Maren Bell Jones said:


> I own this one from Dog Sport Gear and I really like it. Never had to fly with it, but looks great and I like how it has removeable slats that go in front of the ventilation bars if a dog needs less visual stimulation or more ventilation.
> 
> http://www.dogsportgear.com/diamondplatecrate.htm



Those are made by owens too. You can get them wholesale if you call them.


----------



## Justin Gannon (Nov 17, 2008)

Chris,

Have you used the kalispel crate? I have 2 of these crates that i transport my dog's daily in. I have flown with these crates about 30 times with no issues. Did i mention that they are 4 years old. With my personal experience i would recommend them. Like the old saying goes, "one man's junk is another man's treasure".


----------



## Tamara McIntosh (Jul 14, 2009)

Geoff Empey said:


> I wiped out loading my vari-kennel the AM I left Vancouver from the Canadian Ringsport championships. Luckily the dog wasn't inside but the vari-kennel exploded and was so damaged that there was no way that it was usable for the plane ride home. Luckily the person who was putting me up had an extra crate so I was able to get home.
> 
> Now though seeing what happens to plastic crates being flown. There is a lot left to be desired with vari-kennels being airline approved doesn't mean that they are airline proof, so I feel my dog is worth being protected so I want to do the upgrade.
> 
> ...


 
Tim Watt's also custom mades crates. I think his email is [email protected]

Tamara McIntosh


----------



## Chris Michalek (Feb 13, 2008)

Justin Gannon said:


> Chris,
> 
> Have you used the kalispel crate? I have 2 of these crates that i transport my dog's daily in. I have flown with these crates about 30 times with no issues. Did i mention that they are 4 years old. With my personal experience i would recommend them. Like the old saying goes, "one man's junk is another man's treasure".
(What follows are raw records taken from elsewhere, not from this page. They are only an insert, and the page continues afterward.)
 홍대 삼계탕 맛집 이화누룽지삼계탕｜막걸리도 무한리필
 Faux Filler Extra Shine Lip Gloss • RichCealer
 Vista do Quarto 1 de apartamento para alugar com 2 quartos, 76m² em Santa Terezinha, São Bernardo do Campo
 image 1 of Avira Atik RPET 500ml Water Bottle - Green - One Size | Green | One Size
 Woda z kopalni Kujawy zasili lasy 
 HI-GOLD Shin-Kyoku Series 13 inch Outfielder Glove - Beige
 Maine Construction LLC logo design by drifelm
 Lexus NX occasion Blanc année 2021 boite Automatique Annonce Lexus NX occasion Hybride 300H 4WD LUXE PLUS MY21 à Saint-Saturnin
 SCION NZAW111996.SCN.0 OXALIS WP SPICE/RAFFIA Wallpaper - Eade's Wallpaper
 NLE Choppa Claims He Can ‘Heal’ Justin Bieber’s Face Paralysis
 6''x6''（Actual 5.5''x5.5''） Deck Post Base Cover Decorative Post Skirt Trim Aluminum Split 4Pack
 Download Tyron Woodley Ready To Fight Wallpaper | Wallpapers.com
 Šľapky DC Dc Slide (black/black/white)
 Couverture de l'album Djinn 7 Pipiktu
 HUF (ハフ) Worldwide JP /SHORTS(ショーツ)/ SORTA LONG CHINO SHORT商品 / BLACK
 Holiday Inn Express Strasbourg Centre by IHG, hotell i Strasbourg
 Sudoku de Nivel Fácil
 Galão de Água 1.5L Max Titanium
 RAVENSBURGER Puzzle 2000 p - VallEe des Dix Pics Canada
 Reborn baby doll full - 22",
They are OK but my dad had one that last about 4 years. He used it for his field lab. I always hated it. I know a couple of others who dislike them too. When you pay that much for a crate it should last forever.

Glad you like it. My personal experience has been, they are junk.


----------



## Justin Gannon (Nov 17, 2008)

I believe he is looking for a crate to travel with. There are not many collapsable crates out there, that are user friendly. It collapses to 8" high, has a handle to carry it and only weighs 26lbs. I have found it very easy to use with no issues. Again my own personal experience.


----------



## Chris Michalek (Feb 13, 2008)

Justin Gannon said:


> I believe he is looking for a crate to travel with. There are not many collapsable crates out there, that are user friendly. It collapses to 8" high, has a handle to carry it and only weighs 26lbs. I have found it very easy to use with no issues. Again my own personal experience.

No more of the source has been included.